Wednesday, March 24, 2010

Must be Talking Play Money

Sometimes I wonder how lawyers really keep a straight face.   So the news snippet today is that the Rivers Casino is appealing its recent property assessment set at $199 million.  So some poor lawyer needs to make the case that the $800 million dollars spent on the casino built a product overvalued at $200 million.  Yeah, yeah, take out the value of the actual machines and other incidentals, but what does that get you??  I'd love to hear what assessment valuation they are arguing for and on what basis. I'm a bit surprised the city or city school district didn't appeal the valuation as being too low. I'll have to ask the lawyers if it's too late for that. 

I hate to point out that if you were to look at the profitability of the casino... which might still be negative..... or gross sales...  both are doing a lot better now than when they set the assessment value a couple months ago.  Maybe that could be an argument for lowering the assessment value right?  Makes as much sense as arguing the whole place is worth cents on the dollar right out the door. 

Which then leads me to consider......  if we sell the parking garages they would have to pay property taxes right? How much are they expected to be valued at in total??? But if we lease them I am presuming they won't since they will still be owned technically by the Parking Authority.   All stop...  another post there...  back to the casino. 

Anyway... last weeks numbers are out and there is a bit of erosion in their numbers, but not too much.  They also seem to have kept up their heightened level of promotional play.  Below is what I see for that trend.  How do you get those prizes?  Can I just go hang out one day down at the casino and maybe I will win something...  I presume they must pay out based on your level of play??  but I dunno.

Rivers Casino Promotional Plays By Week


Blogger n'at said...

As soon as I read that statement in the PG i thought to myself: are there any other casinos in Pennsylvania proximate to real estate equal to or greater than Pittsburgh's CBD in density or overall value? One would expect that the casino in Philly would have an assessed value greater than ours, at least on per sqft metric - should said casino ever officially open.

Wednesday, March 24, 2010 9:24:00 PM  
Anonymous MH said...

I wonder if the state couldn't make more money as a payoff from Atlantic City for not having a casino in Philly than it could by opening a casino in Philly.

Wednesday, March 24, 2010 9:29:00 PM  
Blogger C. Briem said...

that would be a coasian side payment... MH must either be economist or lawyer?

Wednesday, March 24, 2010 10:25:00 PM  
Anonymous MH said...

Data analyst.

Wednesday, March 24, 2010 11:49:00 PM  
Anonymous BrianTH said...

As an aside, I still think it would be useful to add something like a four-week moving average to the Casino Revenues chart (it seems clear to me there is enough volatility to warrant doing that).

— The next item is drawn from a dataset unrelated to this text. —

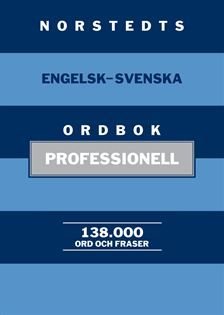Norstedts engelsk-svenska ordbok - Professionell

Anyway, the AIA apparently estimated the construction cost at $300 million, and the County backed that down to $200 million to accord with the 2002 Base Year system. That part sounds plausible to me, and it also implies that whenever there is a reassessment it should go back up to $300 million.

But that does raise the question of what they spent the other $500 million on, and I'd like to see a breakdown. But part of me is looking at that building and thinking it doesn't look like much more than a $300 million building, so maybe it really did go somewhere else.

Thursday, March 25, 2010 12:26:00 PM  
Blogger C. Briem said...

that could be a deeper question than it seems... and one that will likely never be answered.

but the machines are pricey no doubt... but lets guess $10K a pop... they ought to have gotten a good deal given how bad the gaming industry is doing, but who knows. $10K times 3,000 is what? $30 mil. A big number, but not enough to matter in this calculation.